Eric was also the first of four brothers to be drafted to the NHL (Marc—NY Rangers 2005, Jordan—Pittsburgh 2006 and Jared—Phoenix 2008). This season through 82 games, Staal tallied 75 points (40 goals, 35 assists), which was second on the team behind Ray Whitney's 77 pts., and led the 'Canes in goals, power play goals (14), game-winning goals (eight), and shots on goal (368).
So who is Eric Staal off the ice? Read on:
Dan Rice: What do you remember about your first NHL goal?
Eric Staal: It was in Boston, on a 2-on-1 with Jeff O’Neill. He made a great pass, we kind of had the goalie (Andrew Raycroft) down-and-out and I was able to pretty much put it into an empty net.
DR: Do you still have the puck?
ES: I have the puck on a plaque with a picture of me shooting it into the goal, so it’s pretty cool.
DR: Do you have a pre-game routine?
ES: Just the same routine every time. I usually get to the rink, have a shower, then get dressed and work on my sticks. Then we have our meetings and we play a little soccer usually, then get dressed for the game and go to warm-ups on the ice.
DR: Who is your roommate on the road and how are they?
ES: Ryan Bayda and he’s pretty good, we have some fun.
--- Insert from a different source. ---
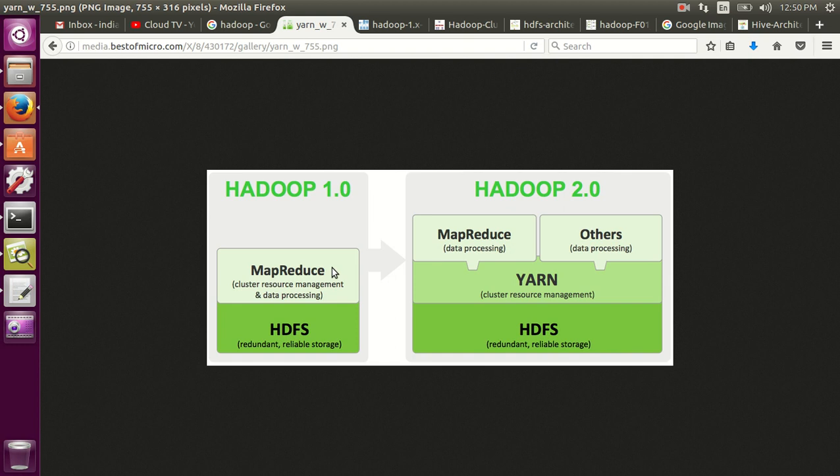In Hadoop 2.0 they introduced a new component called YARN, which actually helps to manage the cluster in a better way. So in Hadoop 1.0, the disadvantage of MapReduce framework is the computation framework - it has to handle both the resource scheduling as well as the tracking of the computation. And also you can actually run only one type of computation, meaning you can do only MapReduce computation here.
He’s a guy that during the lockout, I lived with in the minors, so I know him quite well. We’ve gotten to know each other fairly well so it’s been good.
DR: During the NHL lockout, you spent the entire season with Lowell in the AHL, how much did that help your game grow?
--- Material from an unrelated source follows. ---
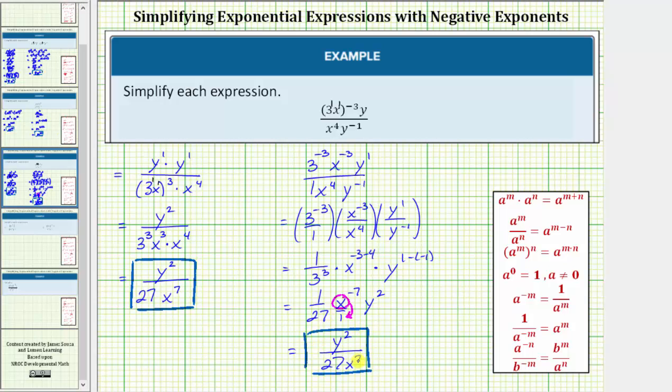I'm sure you'll find you prefer one method over the other, but it is important to recognize that both methods are valid for simplifying the given expression. I hope you found this helpful.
ES: It was a good place for me to play. I got to play to play a lot of minutes coming off my first year in the NHL as an 18-year-old. (In Carolina) I just wasn’t playing in as many situations (short-handed, power play) and those clutch situations. I got to go down there and play in all of those situations. I think it just (helped) build my confidence and gave me that experience to bring it to the next level and I was able to do that the next year.
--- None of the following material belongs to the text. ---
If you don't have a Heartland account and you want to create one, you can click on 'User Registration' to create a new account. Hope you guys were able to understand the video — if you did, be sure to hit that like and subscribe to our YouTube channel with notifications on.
DR: What is in your suitcase on a road trip?
ES: A couple of books, my laptop, shorts and t-shirt, sometimes some trunks for a hot tub and then my toiletry case, that’s about it. I travel light.
DR: What do you remember about your day with the Stanley Cup?
ES: It was awesome; it went so fast—too fast. I got to share it with a lot of family and friends, my grandparents; I got to share it with my hometown of Thunder Bay. I had a ton of people come to check it out. We had a party at night, which was a lot of fun, with a lot of my buddies. Everybody was drinking out of it. It’s a day that I will never forget.
DR: Did your brothers get to touch it or were they not allowed? (There is a superstition amongst hockey players that forbids them from touching the Cup until they are able to go through the rigors of an NHL player and earn that right.)
ES: They never touched it. Just myself and my parents were the only ones that laid their hands on it. We did take a family picture with it and that was pretty special moment. Hopefully they’ll get their chance someday.
DR: Do you remember what your last job was before you became a pro?
ES: I worked on our sod farm, growing up, since I was about six or seven years old, until moving away to play Junior hockey (Peterborough Petes). My dad owns it and we were out in the fields quite often.
DR: Who is your best friend in the NHL?
ES: Hmm, that’s a tough one. I’d say Ryan Bayda or Erik Cole, Andrew Ladd, Cam Ward; probably a toss up between all of those guys.
DR: So, not one of your brothers?
ES: (smirking) No, no we’re in fierce competition.
DR: Who is the biggest joker or prankster on the Hurricanes?
ES: That’d be between Chad Larose and Ray Whitney, they’re pretty funny guys. Ray Whitney got the one-liners and Chad Larose is just a goofball most of the time.
DR: Do you have a favorite TV show?
ES: I watch LOST, I don’t mind it, but it’s getting a little crazy now. Also, Entourage, Sopranos, stuff like that.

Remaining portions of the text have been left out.